= Instructions for the task =
Make an exact copy of the listing underneath, skipping each picture.

= Records to process =
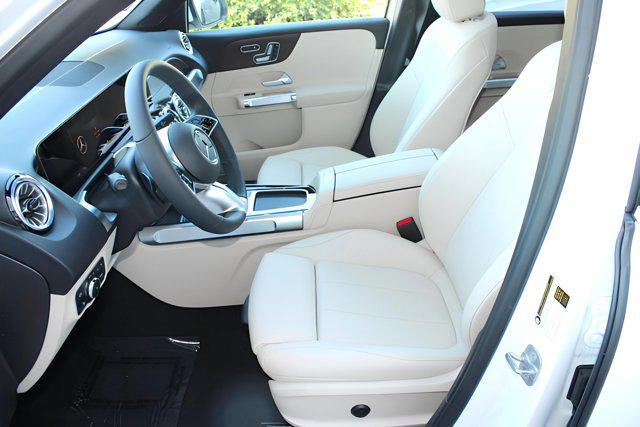 used 2025 Mercedes-Benz GLB 250 car, priced at $49,580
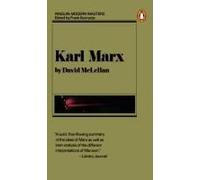 Karl Marx, Penguin Modern Masters David McLellan (Auteur)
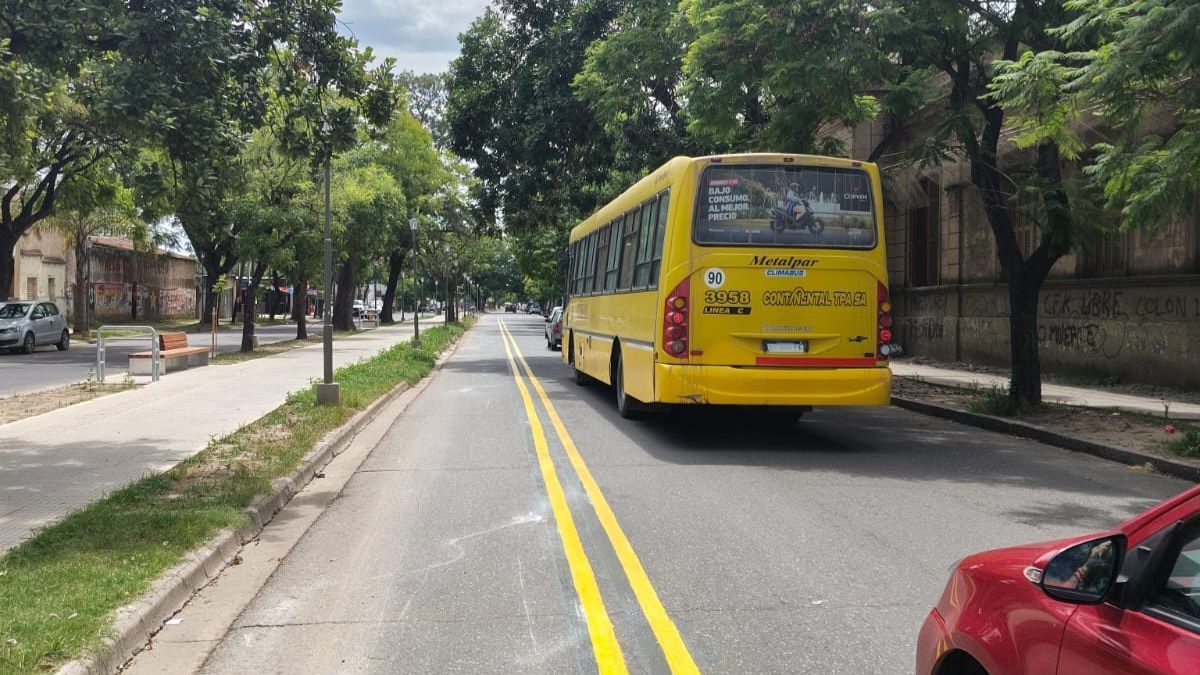 En el marco de la obra de mejora integral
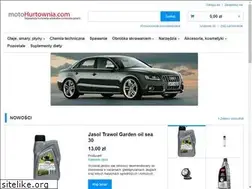 Sites similar to motohurtownia.com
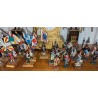 Lot de soldats de plomb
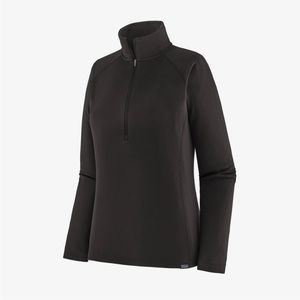 NEW Patagonia Capilene - Midweight zip neck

= Output of the task =
 used 2025 Mercedes-Benz GLB 250 car, priced at $49,580
 Karl Marx, Penguin Modern Masters David McLellan (Auteur)
 En el marco de la obra de mejora integral
 Sites similar to motohurtownia.com
 Lot de soldats de plomb
 NEW Patagonia Capilene - Midweight zip neck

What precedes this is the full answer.